Aslında “hukuk devleti” ve polis şiddeti”yle ilgili bu iki alıntı, her şeyi özetliyor. Ülkeyi idare edenler, tertemiz odalarındaki rahat koltuklarında bizler adına tercihlerde bulunurken, insanların ölümlerinden, işten çıkarılmalarından, intiharlardan ve daha pek çok irili ufaklı felaketten bizatihi kendilerinin sorumlu olduğunu unuttukları gibi, unutturuyorlar da... Bizi işten atanın insan kaynakları müdürü olduğunu, işkence yapanın polis olduğunu zannediyoruz. Başımıza gelen her felaketin ardında birilerinin bizim adımıza yaptığı tercihler olduğunu ve siyaset dediğimiz şeyin gücü elinde bulunduranın tercihleri ve sonuçları olduğunu göremiyoruz çoğunlukla. Tıpkı, yavaş yavaş soğuyan sonbaharın getirdiği yağmur bulutlarının üzerini kaplayan o kirli bulutları göremeyişimiz gibi.  İçinde acıların ve ölümlerin gizli olduğu o kirli bulutlar, sonbahara özgü o tatlı hüznü değil, bir cinneti taşıyorlar bize.

17’sinde 12 Eylül mahkemeleri tarafından idam edilen Erdal Eren yaşasaydı doktor olur, 12 yaşındayken polis kurşunuyla ölen Ceylan Önkol’un hayatını kurtarırdı belki.

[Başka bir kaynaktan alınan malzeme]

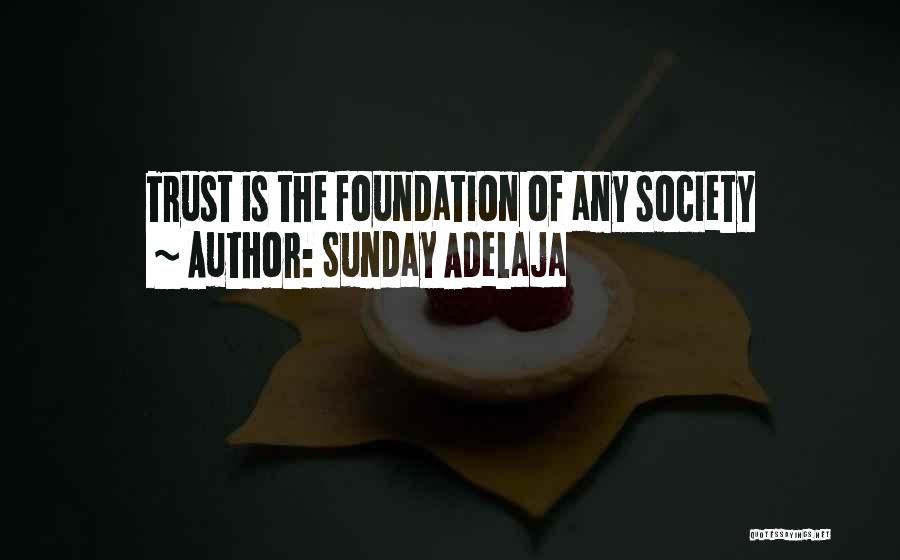 Sunday Adelaja Quotes: Trust Is The Foundation Of Any Society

Birbirinden uzak ya da kopukmuş gibi gözüken hayatlar, aslında tahmin ettiğimizden de çok birbirine bağlı ve yaptığımız ya da uymak zorunda kaldığımız tercihler yüzünden, Ceylan’ların yaşaması da mümkün, ölmesi de...  Tercihlerimizi biz değil de Gollum’lar yönettiği sürece, dünya, Gollum’un cehennemi olmaya devam edecek…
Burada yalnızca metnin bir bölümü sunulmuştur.